Reproduce the lines below exactly. Skip images.

Given material
----
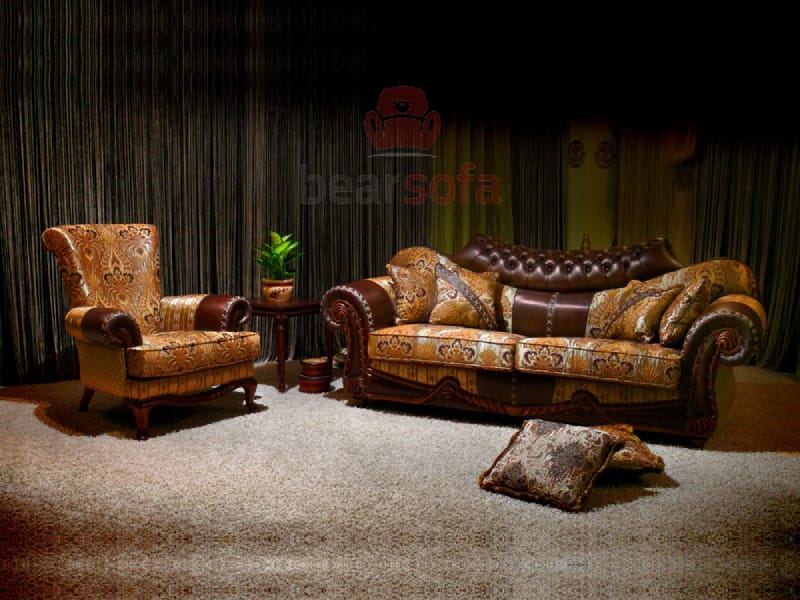 Ghế sofa mang màu sắc cổ điển có vẻ đẹp tinh tế, sang trọng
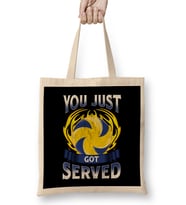 Funny You Just Got Served Volleyball Serve Pun Bez Çanta Uzun Saplı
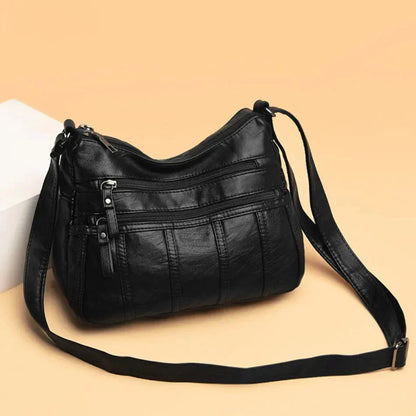 Bolso Cruzado de Cuero Suave Nina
----
Result of the task
 Ghế sofa mang màu sắc cổ điển có vẻ đẹp tinh tế, sang trọng
 Funny You Just Got Served Volleyball Serve Pun Bez Çanta Uzun Saplı
 Bolso Cruzado de Cuero Suave Nina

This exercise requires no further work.